Глупости одни все эти премудрости, хотя и в них поиграть можно, если интерес имеется, только слишком всерьёз, пожалуй, относиться не надо, – а то слюнями друг друга забрызгаем. Ничего ведь серьёзного нет на свете – всё игра одна и видимость сплошная. И дьявол, наверно, всего лишь шутник большой, а мы просто по серьёзности своей ограниченной и умишком евклидовым его за злодея какого-то держим главного, шуток не понимаем. Или это не он шутит, а кто-то повыше?

…Память ушла утром, но в ту же ночь я видел её во сне: она сидела в дорожном плаще на том же камне, где сидел днём и я, – или это я и был? Я спросил: куда собралась? А она улыбнулась и ответила: в Город, но не бойся, я покидаю тебя не навсегда, всё ведь возвращается; я иду в Город, там и встретимся. Потом она встала и пошла в сторону гор. И тогда я понял, что Город совсем близко, что скоро тоже буду там. Потому что я не Странник, чтобы искать и не находить, жаждать и не насыщаться. И путь мой, наверно, не бесконечен. И я должен найти, что ищу, – я могу позволить это, потому что этого хочу…

 

 

* * *

 

…Я стоял у окна и оцепенело смотрел на улицу, – шёл снег.

Вчера я снова был у Насти, – она перестала даже узнавать меня. А посещавший её врач, этакий красавец-аристократ, черноволосый, изящно причёсанный, только разводил руками, – я не Господь. Но то вчера, а сегодня я был, наверно, даже спокоен – заворожённым спокойствием сна, – я знал, что долго так продолжаться не будет. Что-то изменится, – разве просто так я видел вчера такой странный сон?
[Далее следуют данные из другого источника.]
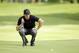 Rory McIlroy looks over a putt on the 11th green during the first round of the Bridgestone Invitational golf tournament Thursday, July 31, 2014, at Firestone Country Club in Akron, Ohio. (AP Photo/Mark Duncan)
Там я тоже стоял у окна, и помню, что ничуть не удивился, а только слегка вздрогнул, когда ясное зимнее небо без единого облачка с востока на запад внезапно прорезала молния. И как побежали по небосводу, словно по яичной скорлупе, мелкие трещины – небо начало неторопливо, как в замедленной киносъёмке, рассыпаться. И посыпались стеклянным дождём его осколки – неровные, сверкающие зеркальца, разбиваясь о мостовую с тихим хрустальным звоном, – казалось, где-то далеко-далеко звонят колокола.

Старичок в грязном пальто, проходивший под окнами, удивлённо остановился. Он воровато оглянулся и схватил с тротуара осколок. А затем бросил быстрый взгляд в зеркальце и внезапно отшатнулся. Я открыл раму. Что он мог там увидеть? В комнату ворвался ветер и швырнул на подоконник с пригоршней снега такой же осколок.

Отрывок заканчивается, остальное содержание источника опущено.